Work item: Look below for the line with "Hey everyone, this". Retype it and every line after it to the end, exactly, but leave out the pictures.

+++ Input material +++

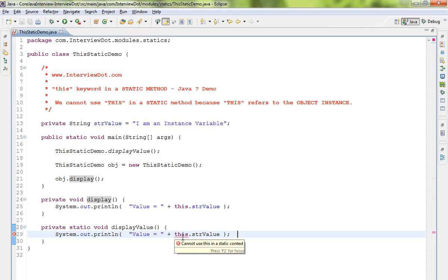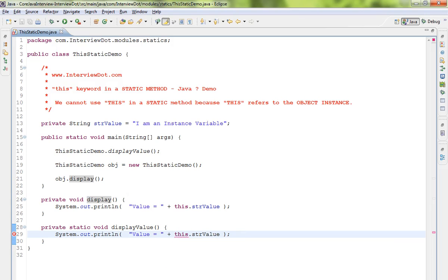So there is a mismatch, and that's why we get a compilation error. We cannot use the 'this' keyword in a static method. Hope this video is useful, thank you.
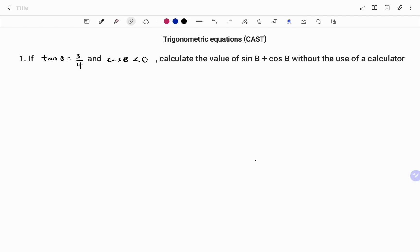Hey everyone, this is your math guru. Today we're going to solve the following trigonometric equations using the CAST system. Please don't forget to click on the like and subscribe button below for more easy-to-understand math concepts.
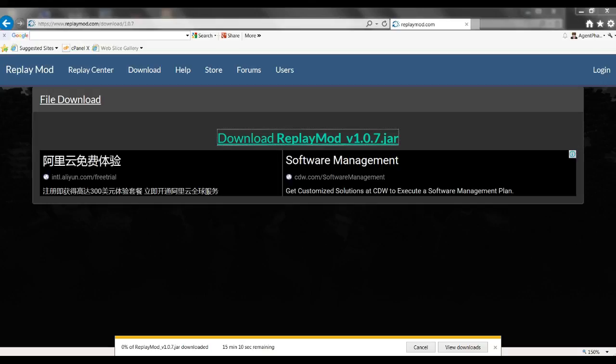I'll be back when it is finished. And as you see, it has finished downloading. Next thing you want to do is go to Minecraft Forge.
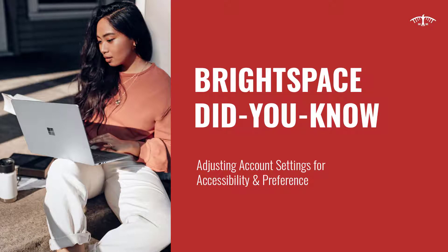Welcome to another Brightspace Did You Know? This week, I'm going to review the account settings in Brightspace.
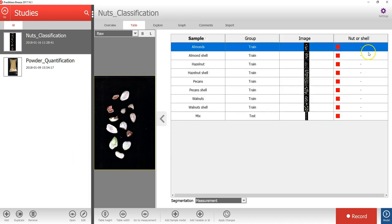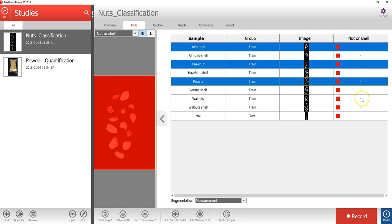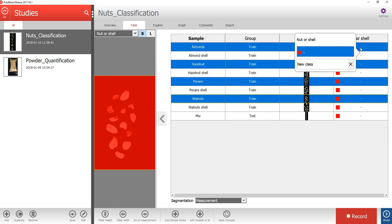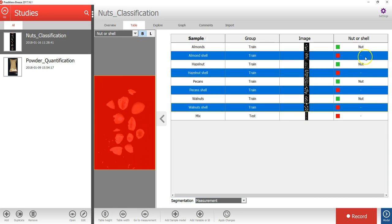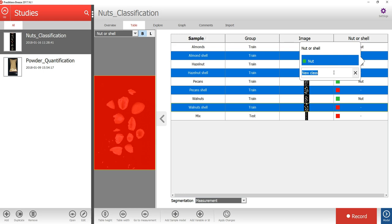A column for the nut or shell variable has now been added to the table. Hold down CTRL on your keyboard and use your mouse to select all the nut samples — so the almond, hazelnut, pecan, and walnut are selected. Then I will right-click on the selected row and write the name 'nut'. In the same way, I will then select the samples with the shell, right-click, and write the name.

+++

Written answer:
Hey everyone, this is your math guru. Today we're going to solve the following trigonometric equations using the CAST system. Please don't forget to click on the like and subscribe button below for more easy-to-understand math concepts.
I'll be back when it is finished. And as you see, it has finished downloading. Next thing you want to do is go to Minecraft Forge.
Welcome to another Brightspace Did You Know? This week, I'm going to review the account settings in Brightspace.
A column for the nut or shell variable has now been added to the table. Hold down CTRL on your keyboard and use your mouse to select all the nut samples — so the almond, hazelnut, pecan, and walnut are selected. Then I will right-click on the selected row and write the name 'nut'. In the same way, I will then select the samples with the shell, right-click, and write the name.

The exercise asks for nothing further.